[sword-devel] A possible way to speed up was Re: Search optimized (still too slow)

Daniel Glassey sword-devel@crosswire.org
Thu, 08 Apr 2004 19:27:22 +0100


Hiya,
I was going to wait until I had thought this through (and had got
somewhere) but since it has been brought up I think I'd better mention
it. Quite a while back David White suggested that separating content
from markup would be a good idea. With the files getting big by using
raw OSIS(or is it pseudo-OSIS, I'm not sure) and the search being so
slow in these modules I think it is worth doing - to aim for 1.6.0 or
2.0.0 or whatever the next major version is.
 
What I'm suggesting is to make a new module type that contains a binary
representation of OSIS with the text in one file and the markup in a
second file. I think the markup should be based on something like WBXML
(http://www.w3.org/TR/wbxml/) but have pointers into the text rather
than containing the text.
Suggested name SBXML (Sword Binary XML)
This would mean that the search could be made on just the plain text.
Most filters would only operate on the markup.

If we think it's a good idea then let's try to design this using the
wiki.
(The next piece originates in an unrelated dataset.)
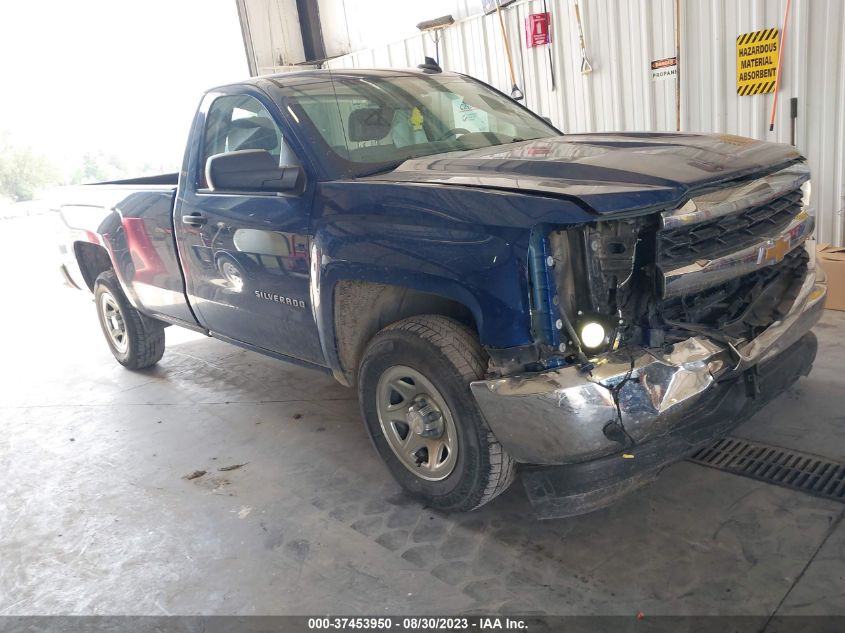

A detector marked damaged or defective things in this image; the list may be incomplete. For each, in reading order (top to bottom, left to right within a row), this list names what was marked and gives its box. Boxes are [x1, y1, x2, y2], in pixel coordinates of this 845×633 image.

dented hood [362, 131, 796, 215]
crumpled front bumper [468, 270, 824, 466]
damaged front end [472, 163, 828, 520]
I've added a page for it[1].

I think it should be possible to subclass the existing classes for use
by new module drivers and filters so that the current code will continue
to work.

Until it would be ready to become core would be optionally included on a
configure option.

I don't think I've explained that very well so questions, discussion,
plain opinions and constructive criticism would be very welcome :)

I'm starting at the bottom up so I'm currently looking at changing
VerseKey (new class VerseKey2) to support multiple versification
systems. I'll explain that once I get far enough to do so. But it's
basically going to be based on the OSIS refsys system[2] and it is going
to lump all the books together rather than separating into testaments. 
Chris, I see now you've already been doing something on the
versification stuff[3], how is that going?

Regards,
Daniel

[1]http://www.crosswire.org/ucgi-bin/twiki/view/Swordapi/SbXml
[2]http://www.ccel.org/refsys/refsys.html
[3]http://www.crosswire.org/ucgi-bin/twiki/view/Swordapi/AlternateVersification

On Thu, 2004-04-08 at 14:59, Joachim Ansorg wrote:
> -----BEGIN PGP SIGNED MESSAGE-----
> Hash: SHA1
> 
> Hi,
> I spent some time to optimize the search in CVS.
> The problem is/was for example the extensive the use of XMLTag in the filters, 
> I tried to avoid them in the filters where it was possible without having to 
> rewrite them.
> I also used SWBuf::append directly where SWBuf::operator+ was used before.
> 
> I see some good chances where we can optimize:
> 	-Using XMLTag as few as possible
> 	-Change copy constructor of SWBuf to implicit sharing, we have lots of SWBuf 
> copy-constructor calls I think
> 	-optimize SWBuf::append(char), maybe we can tweak the memory allocation to 
> alloc larger blocks but more seldom. the append(char) function gets called 
> more than any other function in a search
> 
> But the best solution would be to parse the text only once and then do the 
> right stuff with it. ATM each filter parses the text again which will make 
> modules with lot's of filters slow (e.g. KJV).
> 
> I got these results (with debug code and profiling code included):
> WEB:
> before:	0m8.233s
> after:	0m7.586s
> 	
> KJV:
> before:	1m35.769s
> after:	0m21.874s
> 
> 
> I have not yet committed, because I have to make sure the code doesn't have 
> some untested bugs.
> 
> Joachim

>